Exercise aim:
Please restate the records that follow exactly, skipping their images.

(Data excerpts)

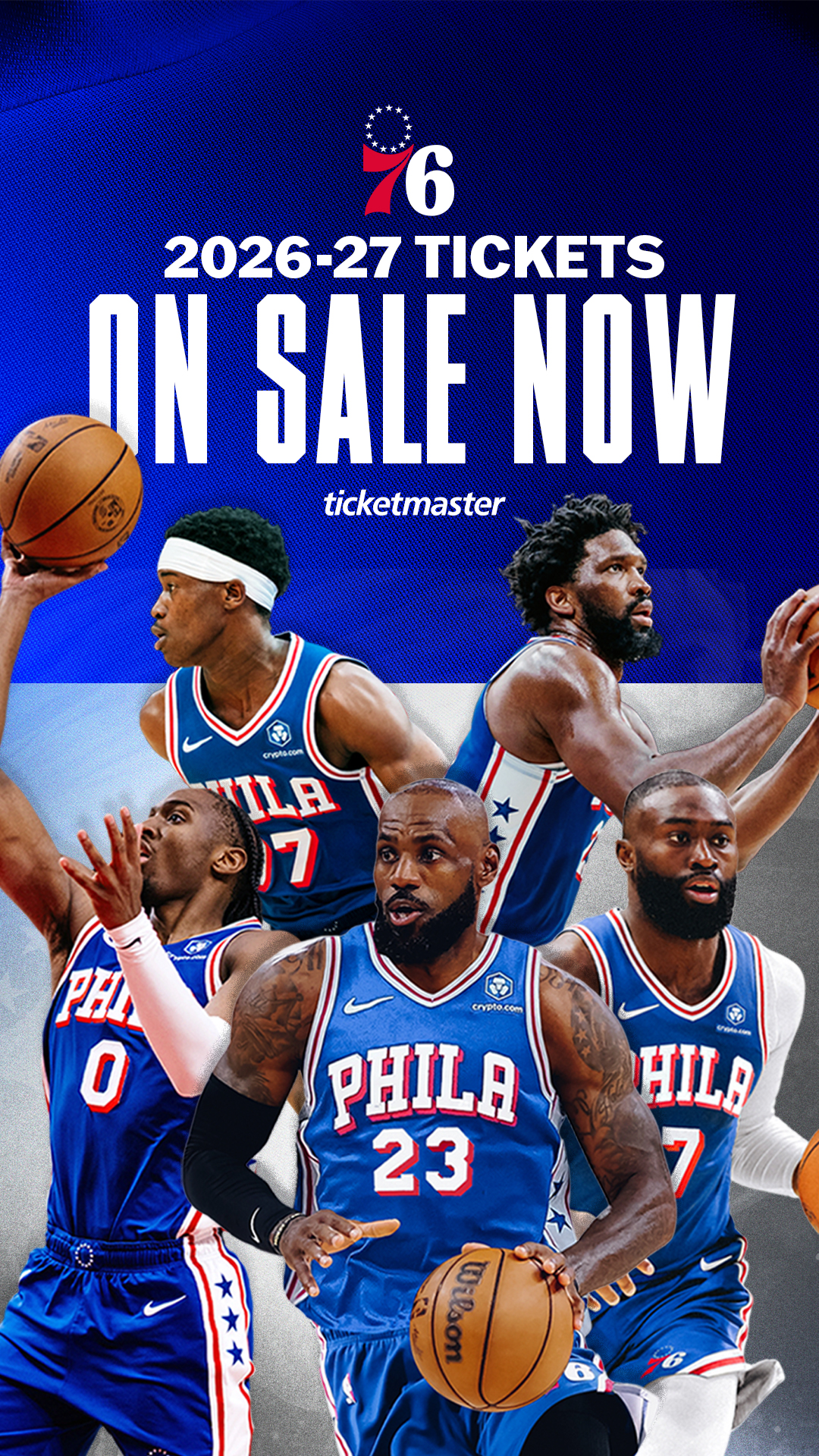 76ers Tickets Are Now On Sale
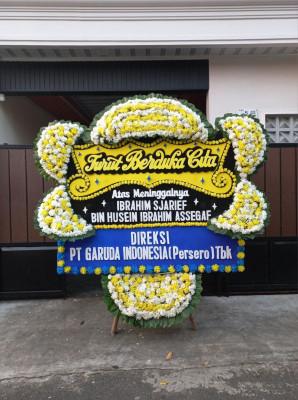 Papan Bunga Duka di Pondokrejo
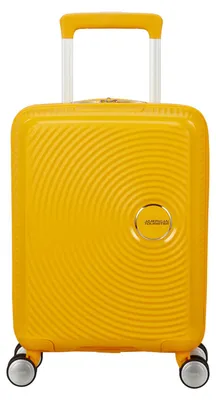 Obrázek produktu pro American Tourister Trolley Soundbox Mini Spinner 47 / 16 Golden Yellow žlutá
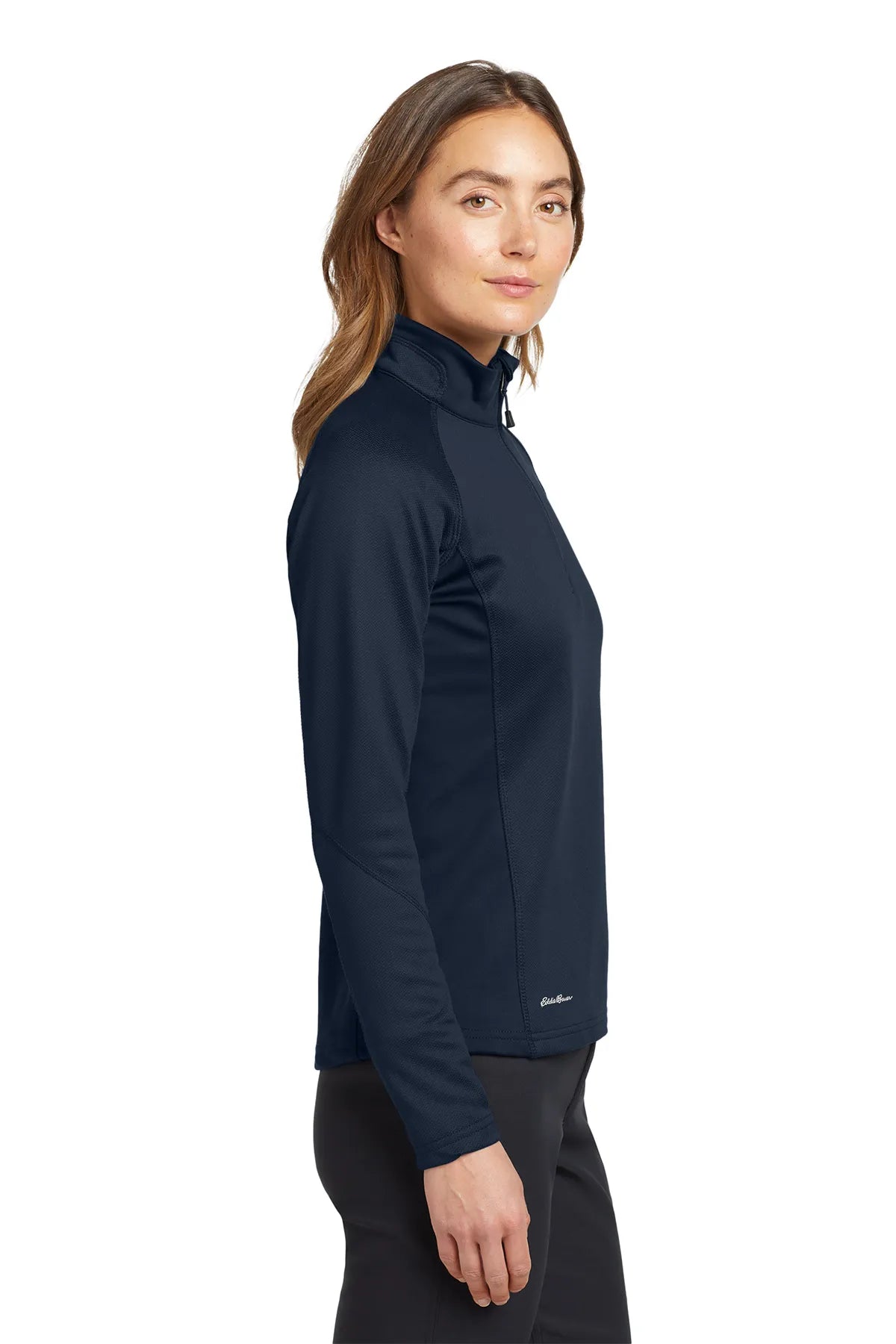 EddieBauer_Ladies1_2-ZipPerformanceFleece.EB235-riverbluenavy_1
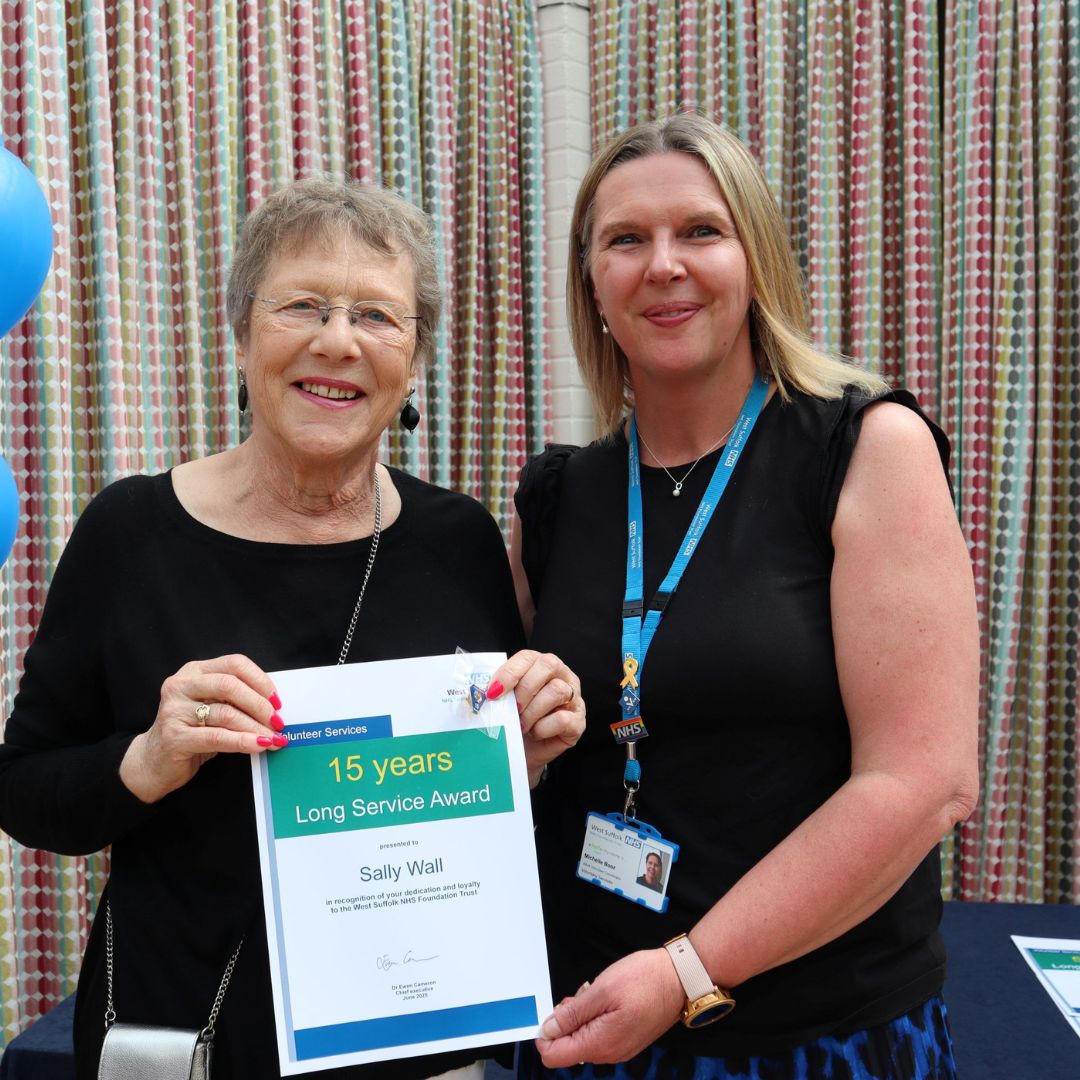 Thank you to our amazing volunteers who have clocked up an outstanding 38,947 hours over the past year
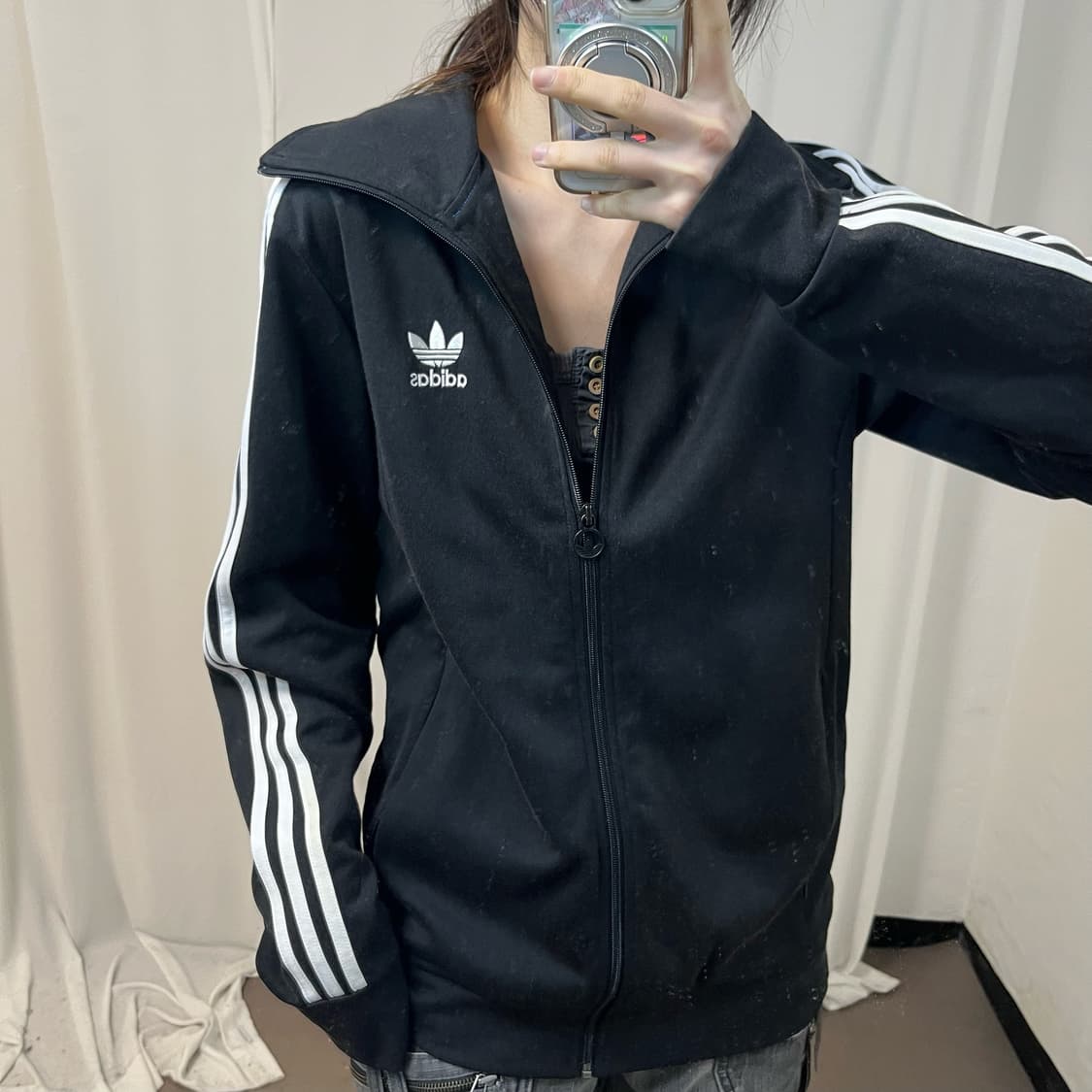 Adidas black Europa jersey 상품이미지3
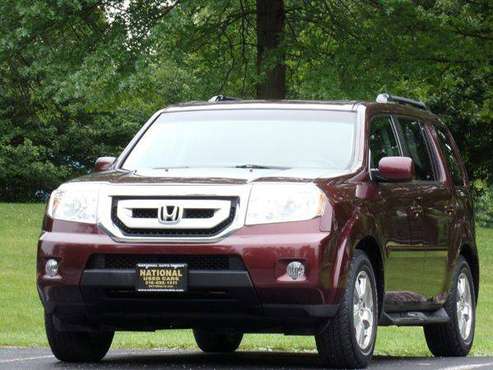 2009 Honda Pilot EX-L 4WD with DVD for sale in Madison , OH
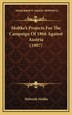 Moltke's Projects For The Campaign Of 1866 Against Austria (1907) by Helmuth Moltke, Hardcover | Indigo Chapters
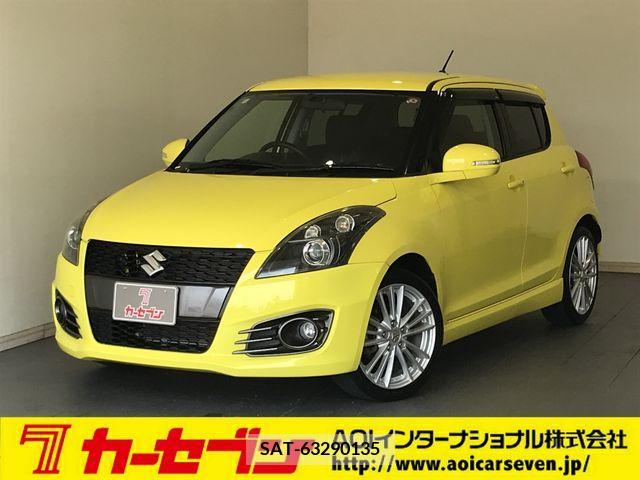 Suzuki SWIFT 2014-08 320798-0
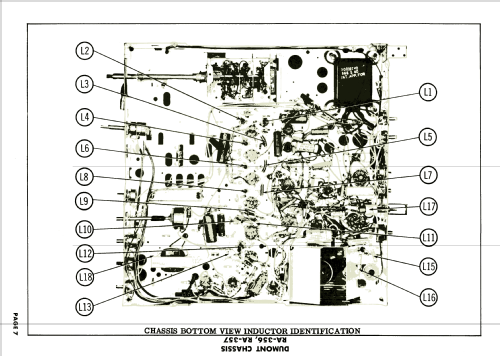 Cambridge Ch= RA-356; DuMont Labs, Allen B (ID = 1943307) Television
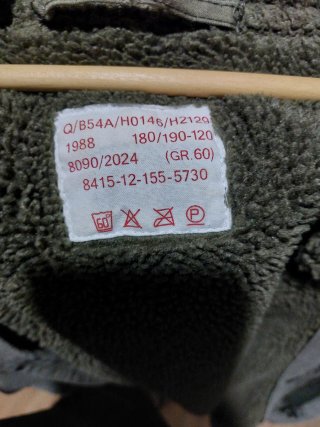Chaqueta Militar UTILERIA Verde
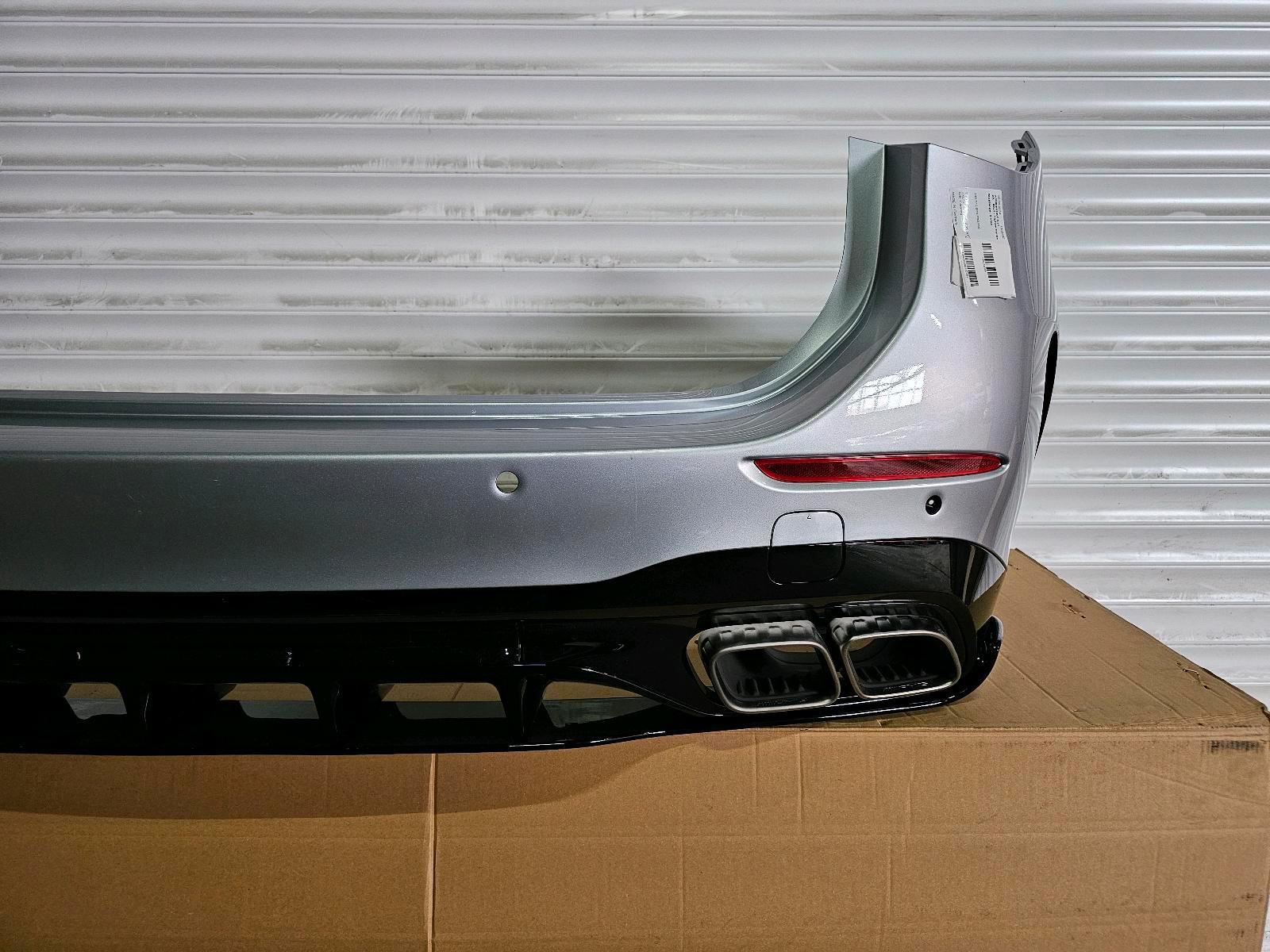Mercedes C63 AMG Rear Bumper – W206 / S206 – Diffuser & Exhaust Tips – OEM - Image 2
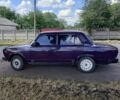 Фиолетовый ВАЗ 2107, объемом двигателя 1.5 л и пробегом 85 тыс. км за 1200 $, фото 1 на Automoto.ua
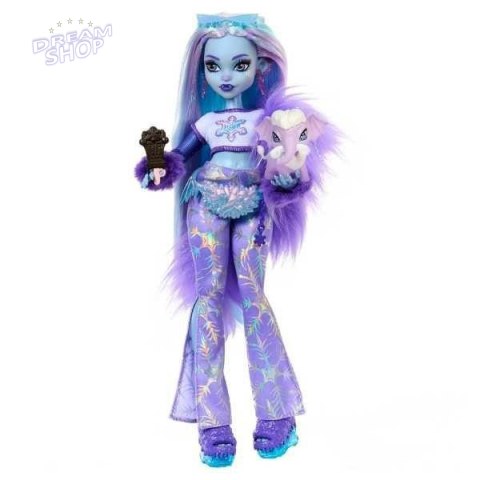 Monster High Lalka Abbey Bominable HNF64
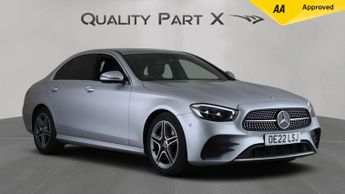 Mercedes E Class 2.0 E200h MHEV AMG Line G-Tronic+ Euro 6 (s/s) 4dr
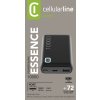 Powerbanka Cellularline Essence 10 000 mAh, černá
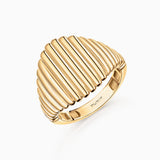 Sortija Duomo Bold en Oro Amarillo de 18 Kt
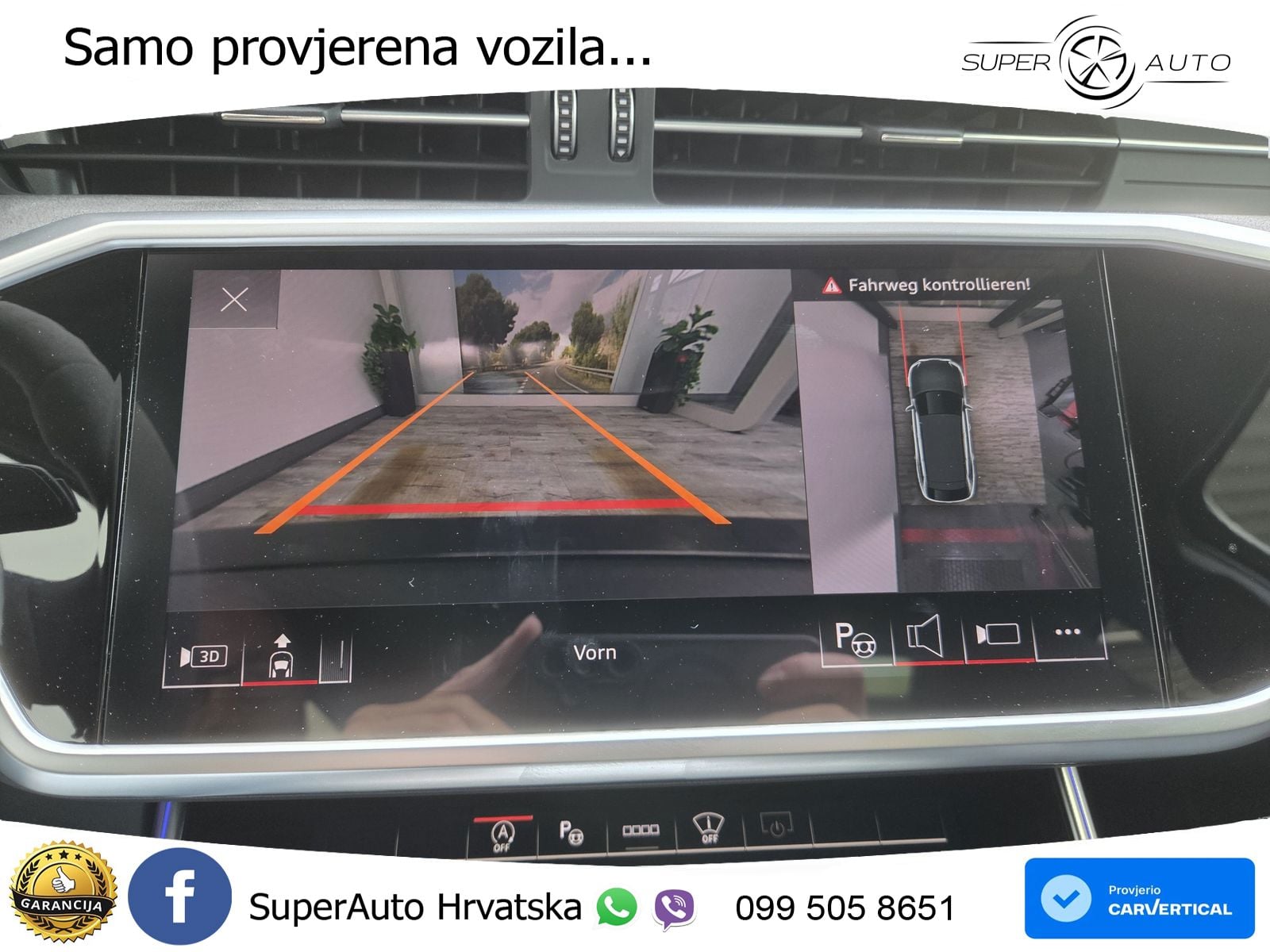 Audi RS6 Avant 4.0 TFSI V8 performance (630 KS)  quattro tiptronic ZRAČNI+ACC+GR SJED+KAM+PANO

(End Data excerpts)

Output of the exercise:
 76ers Tickets Are Now On Sale
 Papan Bunga Duka di Pondokrejo
 Obrázek produktu pro American Tourister Trolley Soundbox Mini Spinner 47 / 16 Golden Yellow žlutá
 EddieBauer_Ladies1_2-ZipPerformanceFleece.EB235-riverbluenavy_1
 Thank you to our amazing volunteers who have clocked up an outstanding 38,947 hours over the past year
 Adidas black Europa jersey 상품이미지3
 2009 Honda Pilot EX-L 4WD with DVD for sale in Madison , OH
 Moltke's Projects For The Campaign Of 1866 Against Austria (1907) by Helmuth Moltke, Hardcover | Indigo Chapters
 Suzuki SWIFT 2014-08 320798-0
 Cambridge Ch= RA-356; DuMont Labs, Allen B (ID = 1943307) Television
Chaqueta Militar UTILERIA Verde
Mercedes C63 AMG Rear Bumper – W206 / S206 – Diffuser & Exhaust Tips – OEM - Image 2
 Фиолетовый ВАЗ 2107, объемом двигателя 1.5 л и пробегом 85 тыс. км за 1200 $, фото 1 на Automoto.ua
 Monster High Lalka Abbey Bominable HNF64
 Mercedes E Class 2.0 E200h MHEV AMG Line G-Tronic+ Euro 6 (s/s) 4dr
 Powerbanka Cellularline Essence 10 000 mAh, černá
 Sortija Duomo Bold en Oro Amarillo de 18 Kt
 Audi RS6 Avant 4.0 TFSI V8 performance (630 KS)  quattro tiptronic ZRAČNI+ACC+GR SJED+KAM+PANO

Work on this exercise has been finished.